DATA SUPPLIED:
⁂

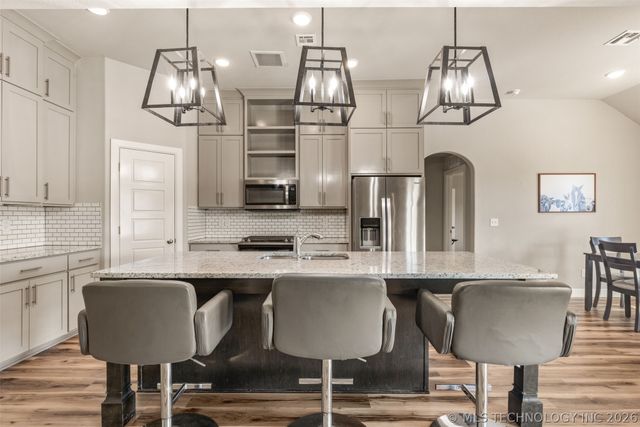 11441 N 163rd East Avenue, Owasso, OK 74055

⁂

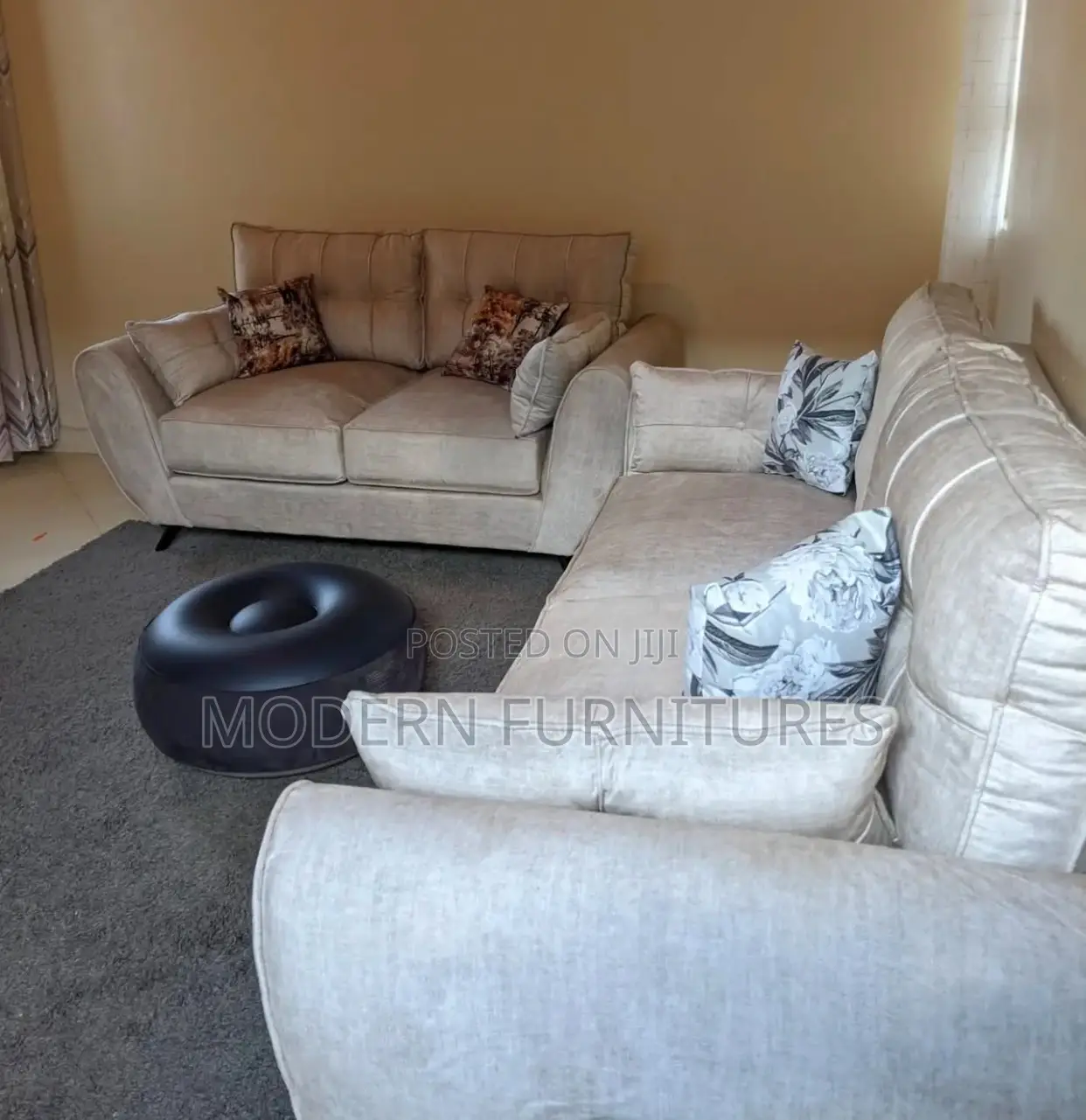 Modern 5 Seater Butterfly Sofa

⁂

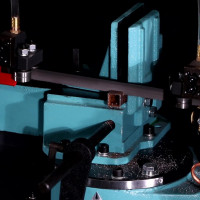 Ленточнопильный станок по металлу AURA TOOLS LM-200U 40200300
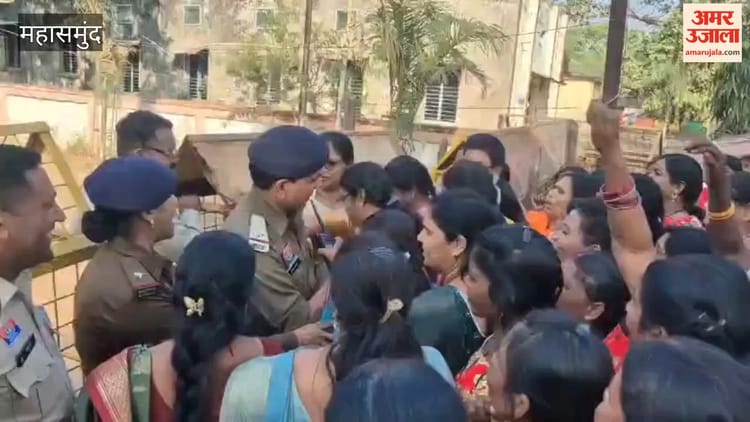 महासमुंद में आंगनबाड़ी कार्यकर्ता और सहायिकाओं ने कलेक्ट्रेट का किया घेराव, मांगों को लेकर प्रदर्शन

⁂

YOUR GOAL: For this exercise, return exactly the lines above from the line with "Ленточнопильный станок по" through the line with "महासमुंद में आंगनबाड़ी", both included. Do not copy the pictures.

ANSWER BOX:
 Ленточнопильный станок по металлу AURA TOOLS LM-200U 40200300
 महासमुंद में आंगनबाड़ी कार्यकर्ता और सहायिकाओं ने कलेक्ट्रेट का किया घेराव, मांगों को लेकर प्रदर्शन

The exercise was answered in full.